(Exercise description): In the data below, reproduce everything exactly except the images.

(The data):
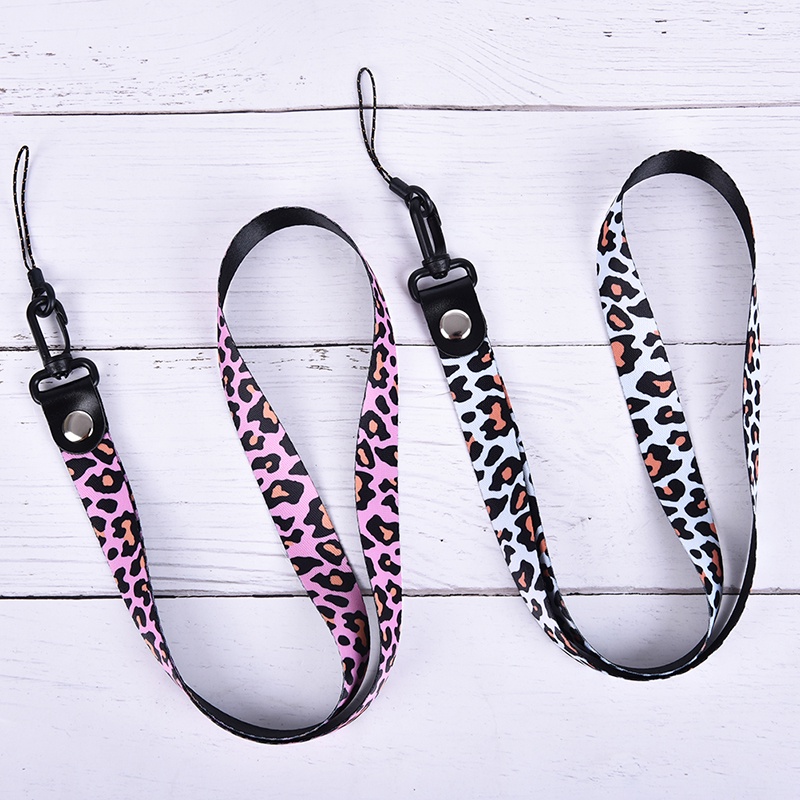 (E2id &amp; &gt; Tali Lanyard Leher Motif Leopard Untuk Handphone Universal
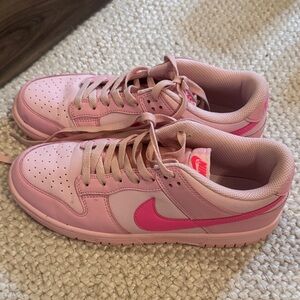 Nike Light Pink and Hot Pink Sneakers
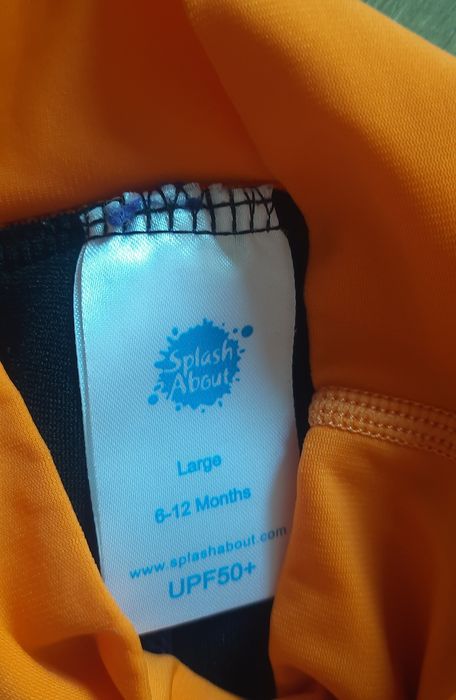 Pieluszka kąpielowa na basen Splash About L, 6-12 miesięcy UPF50+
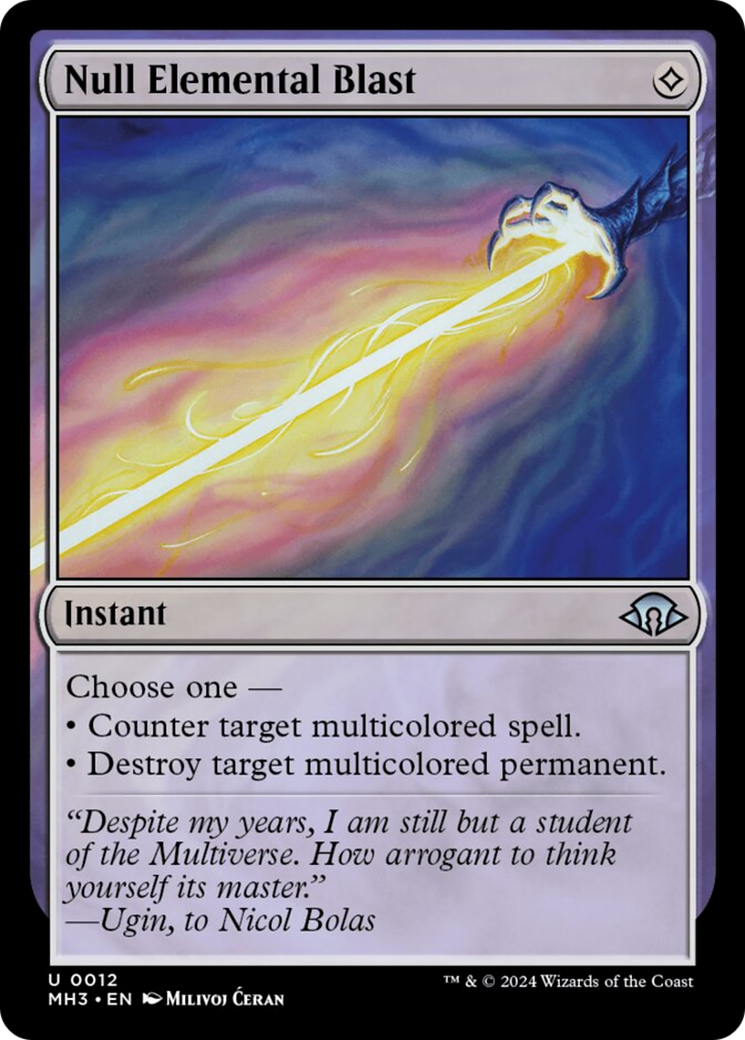 Null Elemental Blast [Modern Horizons 3] | Exor Games New Glasgow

(Exercise answer):
 (E2id &amp; &gt; Tali Lanyard Leher Motif Leopard Untuk Handphone Universal
 Nike Light Pink and Hot Pink Sneakers
 Pieluszka kąpielowa na basen Splash About L, 6-12 miesięcy UPF50+
 Null Elemental Blast [Modern Horizons 3] | Exor Games New Glasgow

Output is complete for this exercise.